# Data excerpt:
= Beginning of Section =

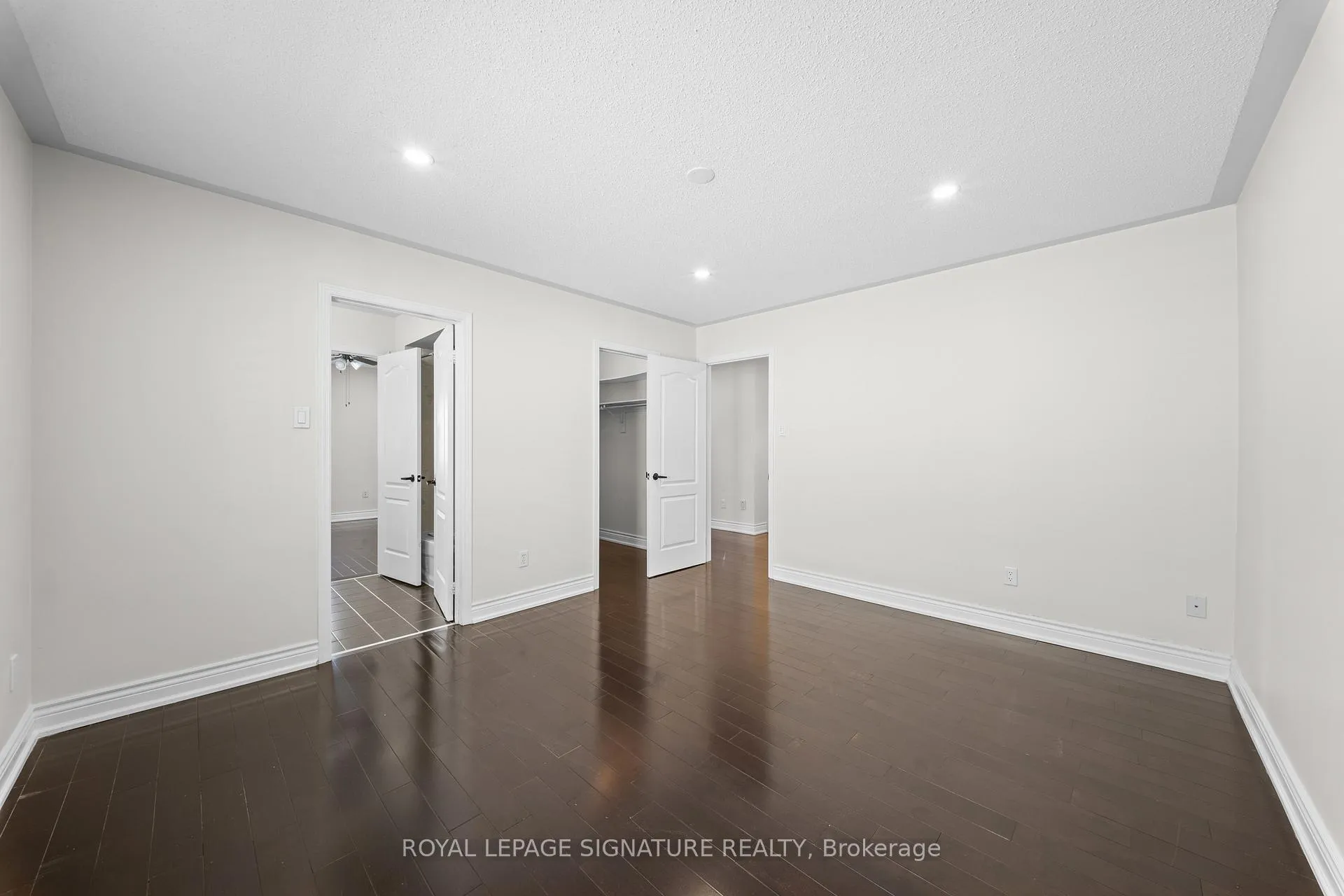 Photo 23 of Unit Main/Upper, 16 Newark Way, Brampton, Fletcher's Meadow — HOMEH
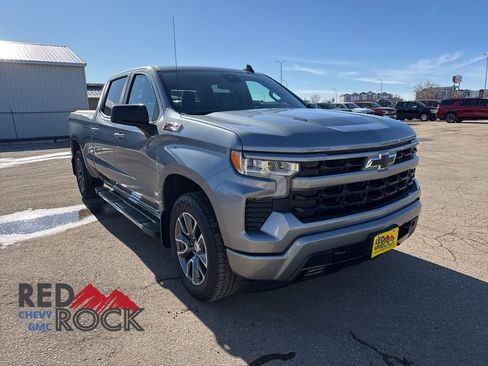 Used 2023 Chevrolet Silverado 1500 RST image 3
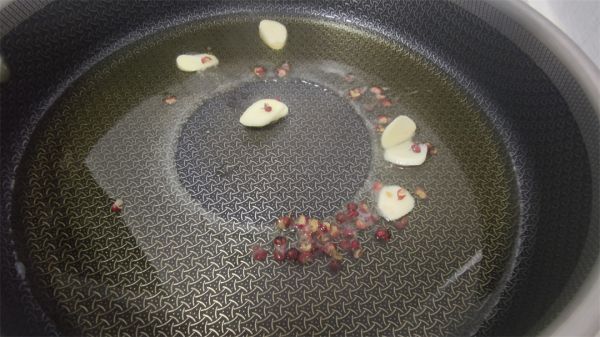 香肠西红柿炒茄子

= End of Section =

# Problem requirements:
Repeat every line of the data exactly, but do not include pictures.

# Your solution:
 Photo 23 of Unit Main/Upper, 16 Newark Way, Brampton, Fletcher's Meadow — HOMEH
 Used 2023 Chevrolet Silverado 1500 RST image 3
 香肠西红柿炒茄子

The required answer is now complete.